Often used interchangeably, the traditional noodle is related to pasta, but the two foods are not the same.

  • The flour used to make noodles is a finer flour (or a variety of different flours) in comparison to traditional pasta that is made from a heavier, denser flour.
  • Salt, an essential ingredient in noodles, adds flavor and makes the noodle dough more flexible. Pasta does not require salt but may be added while cooking.
  • Pasta is typically cooked in boiling water and served up hot in different sauces, often linked to Italian dishes. Noodles may be cooked in water or in a broth and can be transformed into multicultural recipes from one dish to the next. Enjoy a comforting cup of Chicken Noodle Soup or warm up with a hot bowl of Beef Pho with Rice Noodles.

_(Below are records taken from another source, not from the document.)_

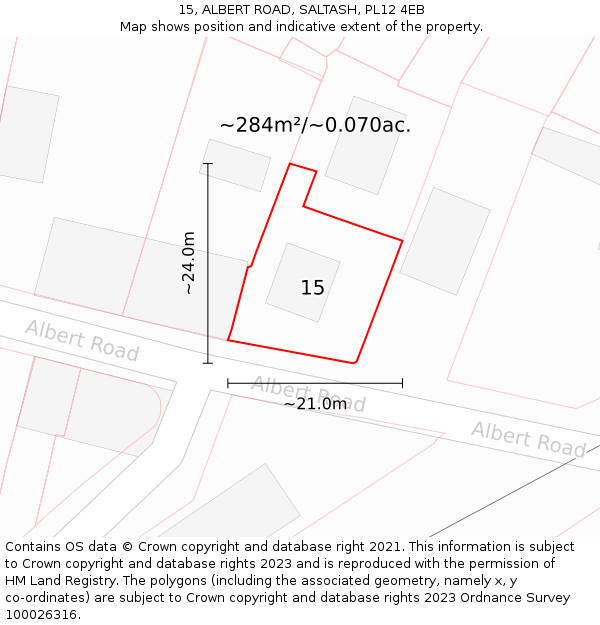 15, ALBERT ROAD, SALTASH, PL12 4EB: Plot and title map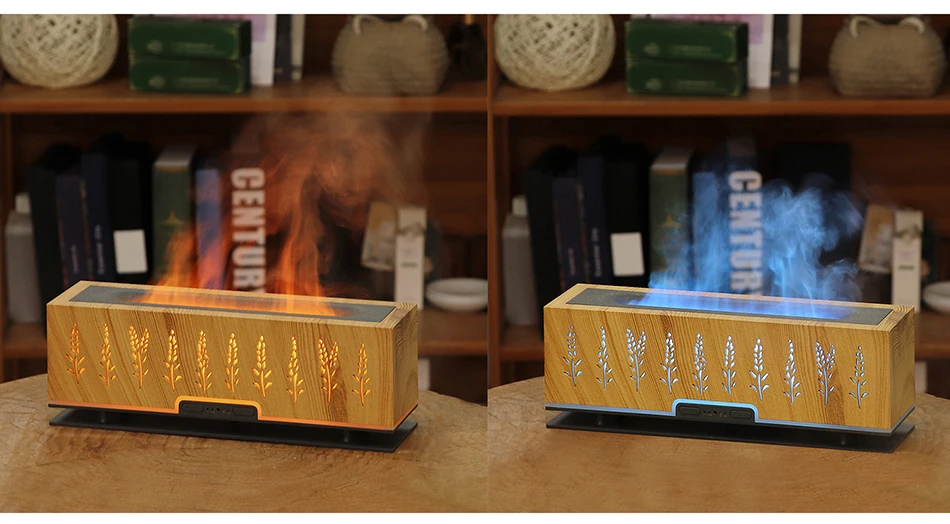 Home Decorative Ultrasonic  smart home appliances mood light 2 colors flame wood grain carving aroma diffuser for car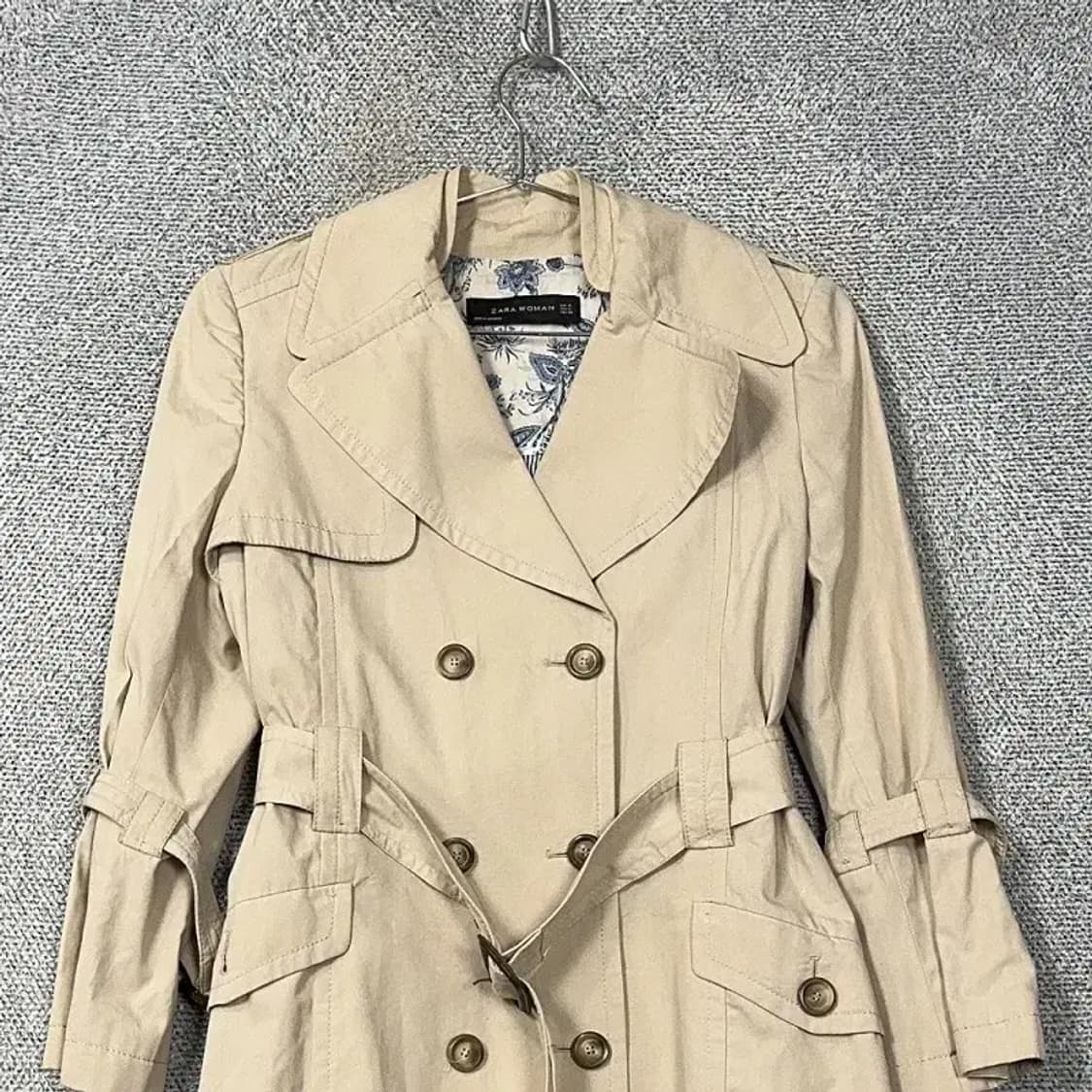 자라 베이지 벨티드 여성 클래식 트렌치 코트 M 상품이미지3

As our tastes evolve, combined with the never-ending efforts to manage weight and eat healthy, noodles have become more adaptable. Vegetable based noodles have become an indispensable ingredient in many dishes, contributing to a higher intake of fiber and a variety of nutrients.

Noodle this:

  • Spaghetti squash is an excellent noodle substitute. Easy to prepare, simply prick the squash in several places with a fork, then bake it for 20-45 minutes at 350° F. Once cooked, separate the flesh with a fork into strings which resemble spaghetti noodles. Try this Garlic Spaghetti Squash or this tasty Shrimp Spaghetti Squash dish.
  • So many vegetables can be spiralized with a modest, inexpensive kitchen tool. From zucchini and squash to beets, carrots, cucumbers, and potatoes. Spiralize your own veggies or pick up ready-to-use veggie noodles in the produce department at McCaffrey’s. Either way, try your hand with this Zucchini Noodles with Creamy Avocado Pesto recipe.
  • Even cabbage can be used as a noodle substitute. Use whole cabbage leaves in place of lasagna or chop cabbage into thin noodles and use in soups, pad thai, or lo mein.
  • Shirataki noodles, also referred to as miracle noodles, are a popular, low carb alternative to pasta because they have so few calories. The long, white vegetable-based noodles have been a staple in Japan and China for centuries. Shirataki noodles are easy to prepare. Simply unpack and rinse them well under hot running water to remove the liquid, warm them up and add a sauce. Alternatively, heating the noodles in a skillet will remove some of the excess water, creating a more noodle-like texture.

National Noodle Month is fun and encourages creativity to incorporate noodles into all kinds of different meals.